The building that houses Somerset City Hall, nerve center for city government since 1951, will be razed and a parking lot paved in its space when the city’s new energy hub is completed a couple of years down the road.
The United States Department of Agriculture’s Community Facilities Program has approved an $8.5 million loan to build a new computerized energy center and city hall across the street from the existing city hall. Bids to construct the energy center will be advertised next spring and converting the existing city hall space into a parking lot is part of the project.
Somerset City Hall wasn’t a governmental building at the start and doesn’t really look like a city hall.
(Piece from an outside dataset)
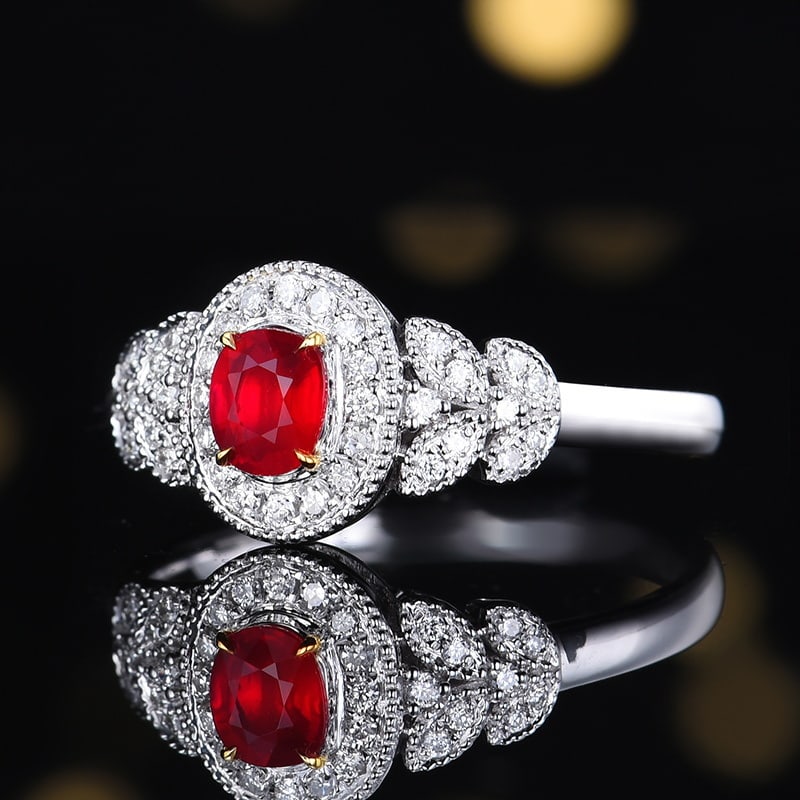 14k Gold 0.55 Ctw Natural Ruby & Diamond Ring - 3
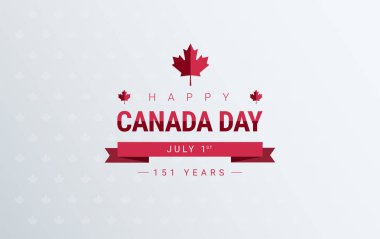 Kanada Günü tebrik kartı geçmişi - kırmızı Mutlu Kanada Günü tipografi tasarımı, Kanada akçaağaç yaprağı, 1 Temmuz tebrik kartı vektörü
Inside, offices are cramped along narrow corridors.
Nominated in the past for the National Register of Historic Places, the Art Deco-style building was constructed for an automotive repair shop in 1930 by  W.C. “Leggs” Norfleet who was mayor of Somerset between 1922 and 1946. Norfleet was a very tall man with long legs, thus the nickname “Leggs.”
The nomination form for the historic places designation points out that the one-story building features an exterior of glazed yellow brick with concrete capping at the roofline. The central bay of the building displays a prominent rectangular tower with angular streamlined brick-work. Inset into the tower are bands of structural glass.
Since the structure’s conversion into city offices, the building has been altered with new doors, a fixed metal canopy and remodeled interior, the nomination form noted. A rear section of the building served as a city jail back when city courts existed, and the east end was a fire department until the main station was built on South Central Avenue.
Clarence Love, retired Somerset city clerk, recalls that Norfleet later used the building as a Studebaker garage and Shell service station. The building was converted into city hall during the administration of Mayor A.A. Offutt.
Offutt, a very popular but crusty “what you see is what you get” type of mayor, owned an insurance agency and served as a part-time mayor for a total of about 20 years. He insisted being mayor of Somerset was not a full-time job, and it probably wasn’t at the time.
A “Hello, how are you?” greeting often triggered an Offutt grin and wry response: “And why do you care, you’re not a doctor.” He loathed dull meetings and long-winded speakers, often getting up and walking out without apology.
Love was city clerk for 29 years, from 1955 to 1984. His wife, Mabel, a 20-year city employee, was city assessor and manager of the Sewer Department.
Members of Somerset City Council who approved the conversion of the building into a city hall sound like a who’s who of early Somerset: Varna Holt, Otis Chaney, Chester Copeland, Dr. A.A. Weddle, W.H. Cundiff, Roy E. Greene, Ira Bogle, Bob Muse, Victor Sams, G.W. Rowbottom, Ed Bugg and Clyde H. Ping.